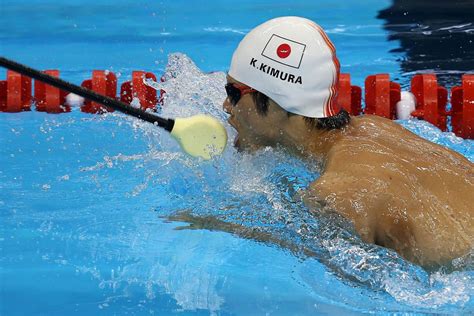 Tokyo 2020: Kimura chasing gold in home waters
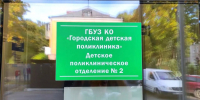 Детская поликлиника в Калининграде временно переезжает с Огарёва на Марины Расковой - Kgzt.Ru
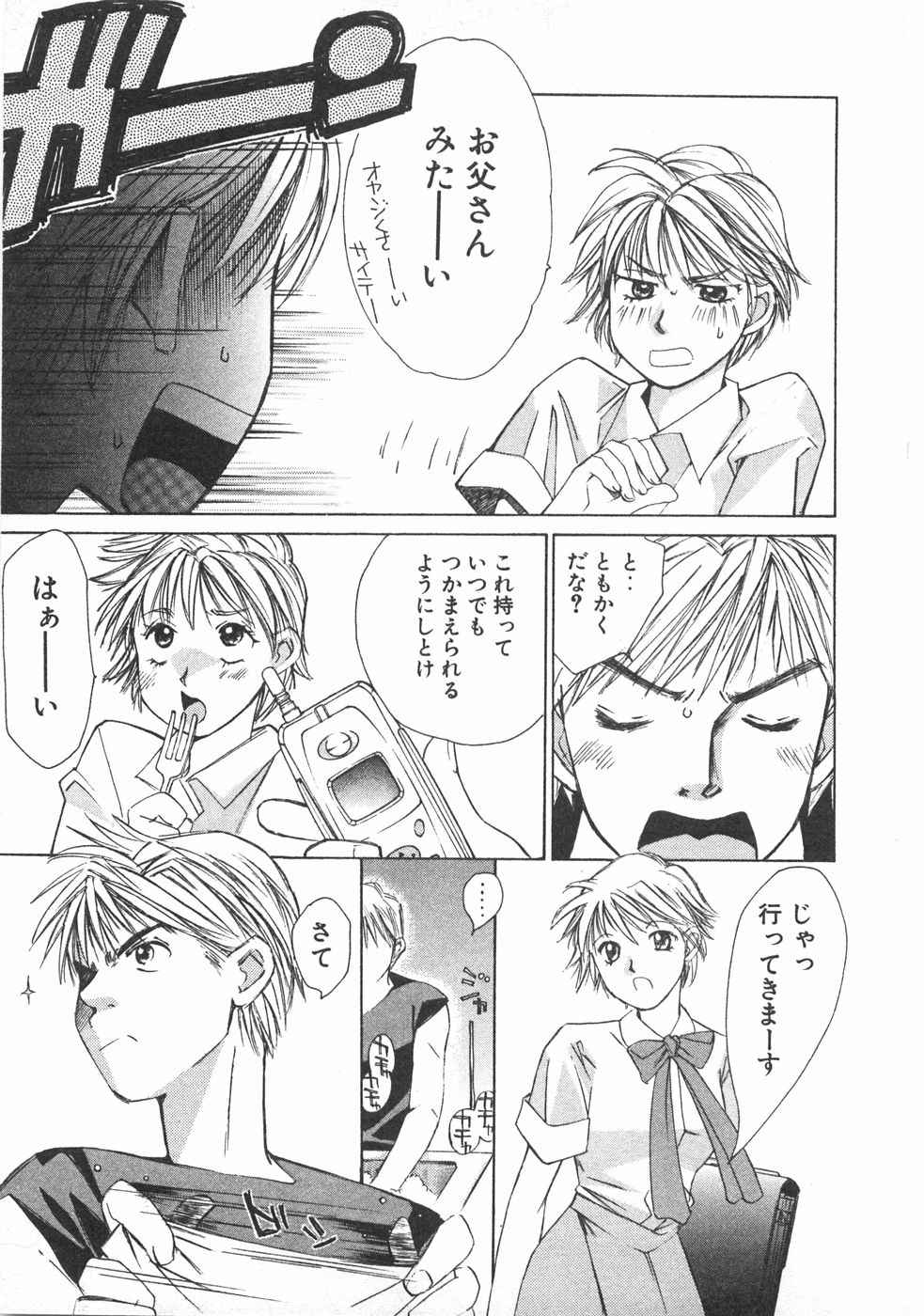 Haru yo, Koi Volume 2 page 36 - story arc multi-work series hentai manga - read online free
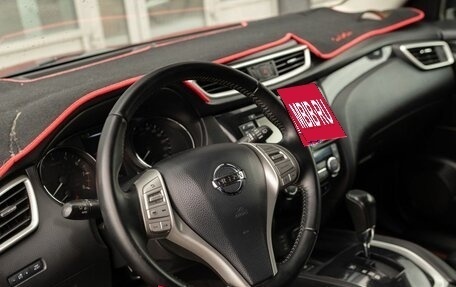 Nissan Qashqai, 2014 год, 1 599 000 рублей, 11 фотография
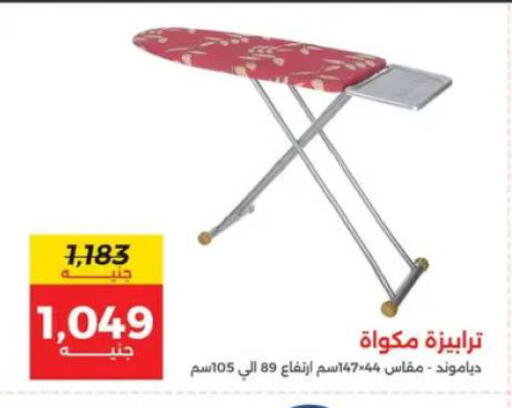 available at رنين in Egypt - القاهرة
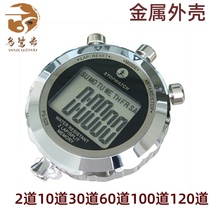 Sun-chasing PS-528 all-metal stopwatch timer electronic track and field running referee coach running competition special stop watch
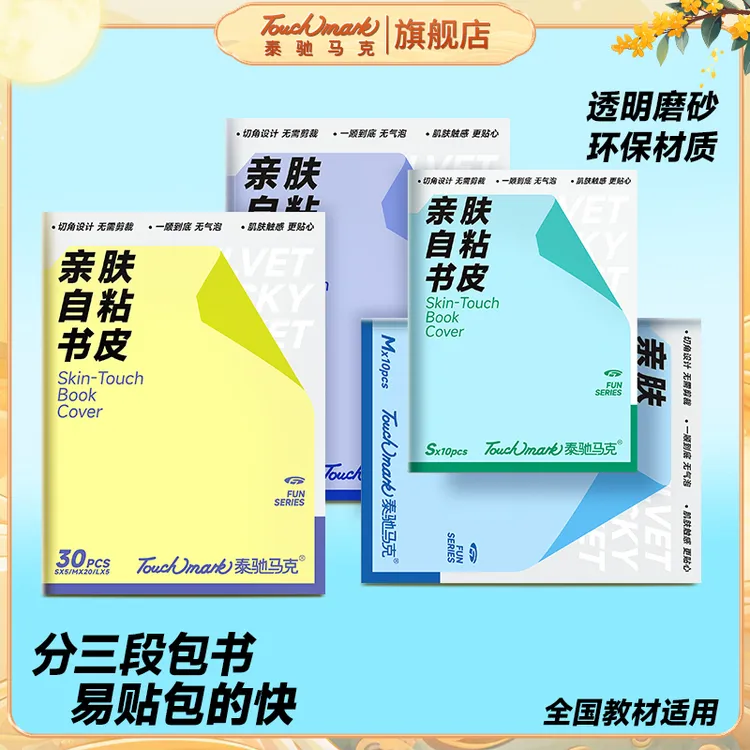 【开学必备】泰驰马克touchmark书皮加厚亲肤磨砂书套初中小学通用
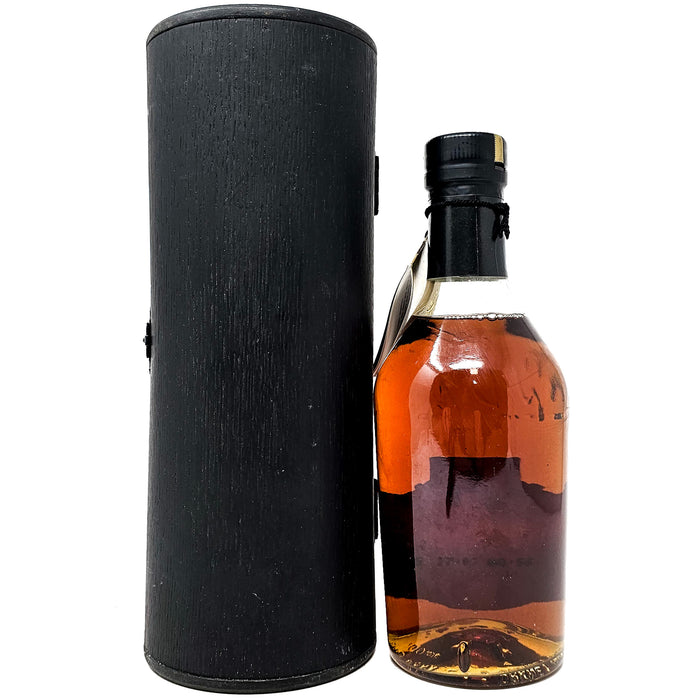 Highland Park 25 Year Old Dumpy Bottle Single Malt Scotch Whisky, 70cl, 53.5% ABV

====

### Required action
Each line from the line containing "Детская поликлиника в Калининграде" through the final line of the data above must be retyped exactly; nothing else, and no pictures, may appear.

### Written response
 Детская поликлиника в Калининграде временно переезжает с Огарёва на Марины Расковой - Kgzt.Ru
 Haru yo, Koi Volume 2 page 36 - story arc multi-work series hentai manga - read online free
 Nissan Qashqai, 2014 год, 1 599 000 рублей, 11 фотография
 available at رنين in Egypt - القاهرة
 Sun-chasing PS-528 all-metal stopwatch timer electronic track and field running referee coach running competition special stop watch
 【开学必备】泰驰马克touchmark书皮加厚亲肤磨砂书套初中小学通用
 Highland Park 25 Year Old Dumpy Bottle Single Malt Scotch Whisky, 70cl, 53.5% ABV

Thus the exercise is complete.